= The Fabulous Show with Fay and Fluffy =

Canadian children's television series

The Fabulous Show with Fay and Fluffy is a Canadian children's television show which premiered in 2022 on Family Jr.

Hosted by drag entertainers Fay Slift and Fluffy Soufflé (portrayed respectively by Jean Paul "JP" Kane and Kaleb Robertson), the variety preschool series features stories, puppets, animated segments, and songs.

==Development==
The series was created and produced by Lopii Productions, a children's media boutique based in Toronto. The show was inspired by a meeting where creators Rennata and Georgina met JP and Kaleb at the event "Fay & Fluffy's Storytime: Drag Queen Storytime in Toronto" in 2016. Sponsors who hosted the storytimes included The 519 Church, Buddies in Bad Times theatre, Glad Day Bookshop, Queen Books, and Never Apart.

==Awards==
Fay and Fluffy received the President's Award for Exceptional Achievement from the Ontario Library Association in 2020.
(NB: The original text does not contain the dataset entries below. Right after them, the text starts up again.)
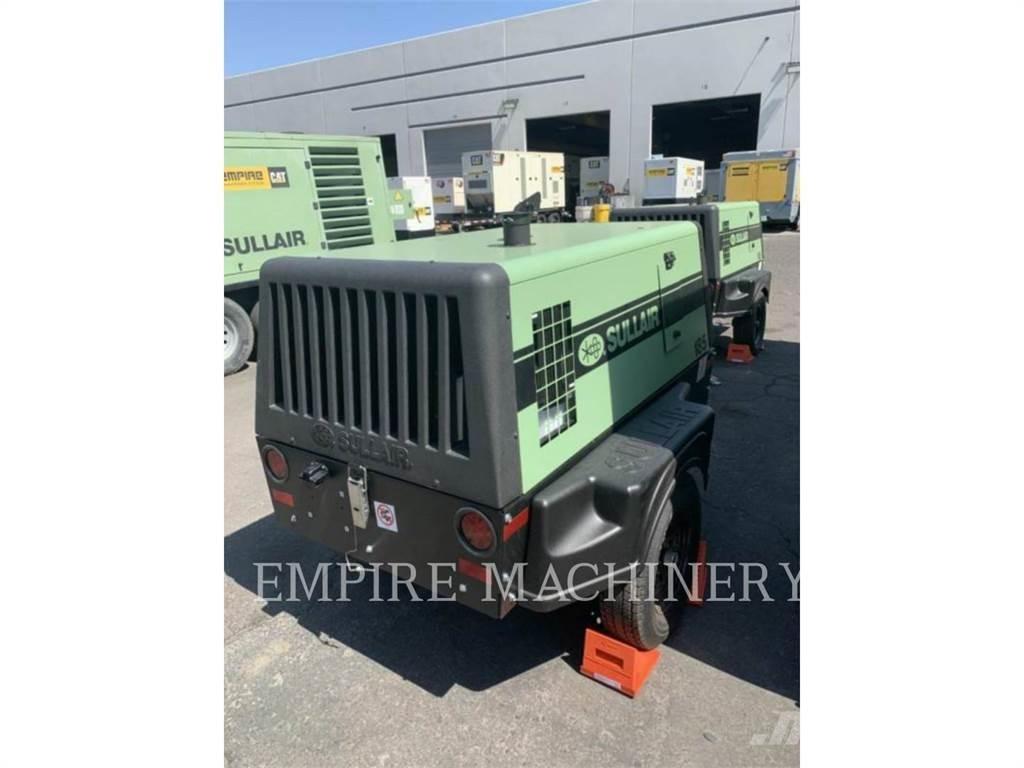Sullair DPQ185CA Kompresory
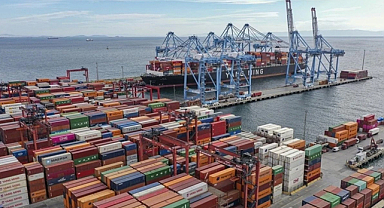 Türk Dünyasına Yapılan İhracat Rekor Kırdı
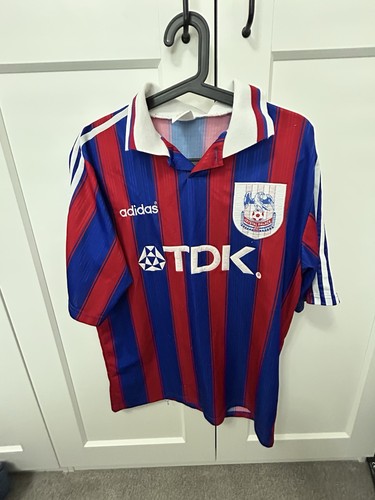 Crystal palace 1996 - palace, 1996-98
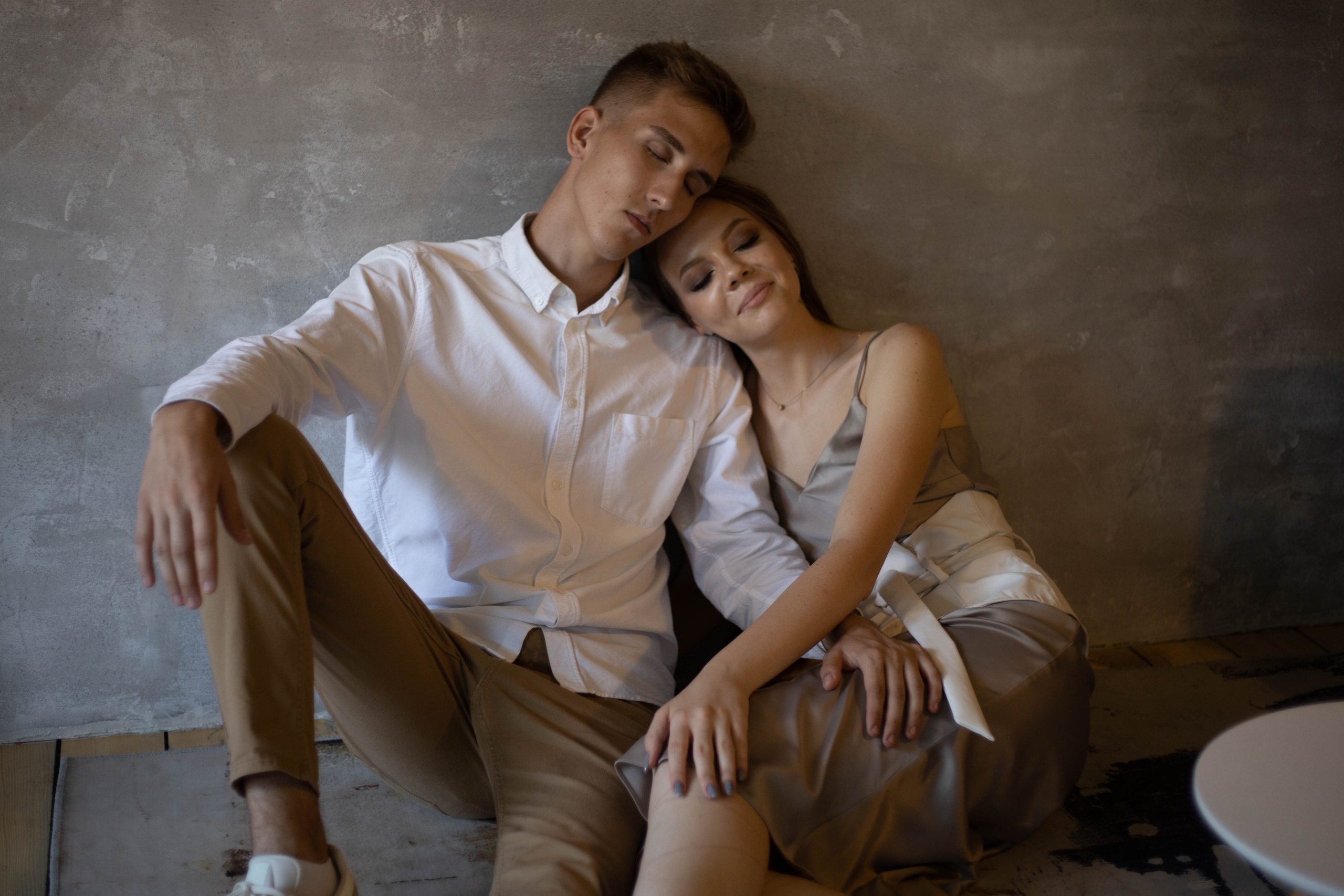 Максим и Настя. Главная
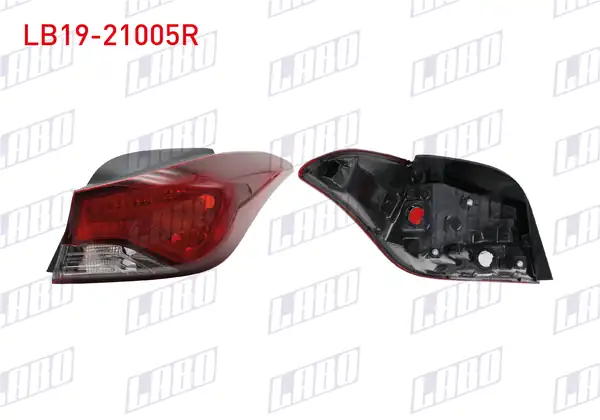 LABO LB19-21005R | Stop Sağ Dış Hyundai Elantra 14 15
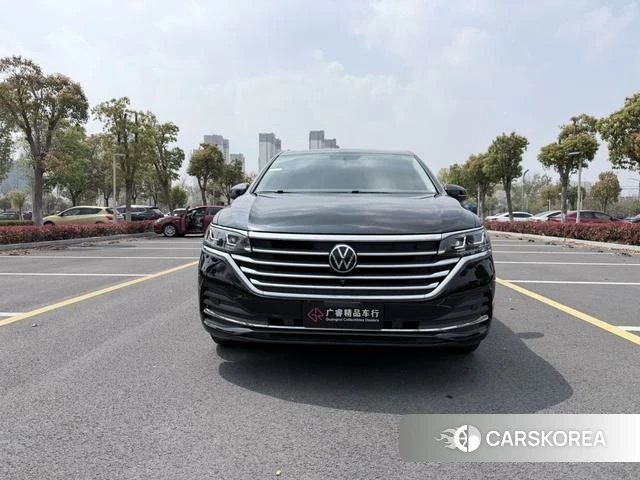 Volkswagen Weiran 2021 Черный из Китая, фото 3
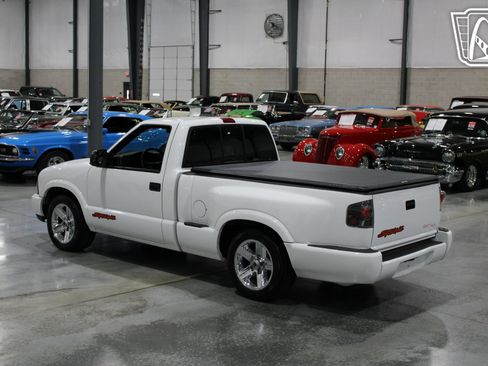 Used 2003 GMC Sonoma SLS w/ SLS Preferred Equipment Group RWD image 31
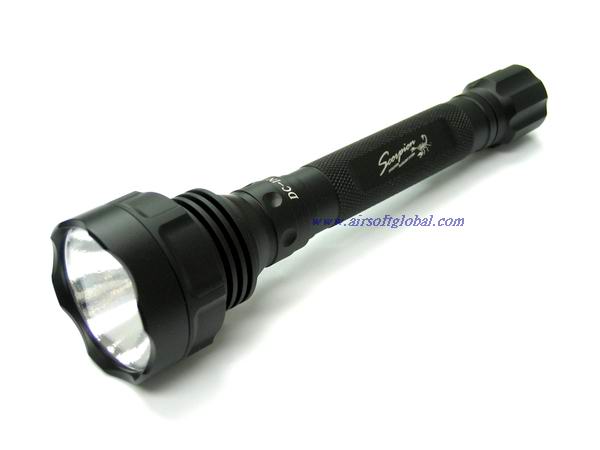 --Out of Stock--G&P Scorpion Series R500 Flashlight - Click Image to Close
The series received four Canadian Screen Award nominations at the 11th Canadian Screen Awards in 2023, including Best Pre-School Program or Series.

It also received the Youth Media Alliance Award of Excellence for Preschool Live Action in 2023.

It was selected as a finalist for the 2023 Japan Prize.

==Broadcast==
The program airs in Canada on Family Jr. and is distributed by Sinking Ship Entertainment.

Season 2 aired in 2024, and both seasons were made available on Prime Video.

==Episodes==
Season 1 had 27 episodes, and Season 2 had 26, for a total of 53.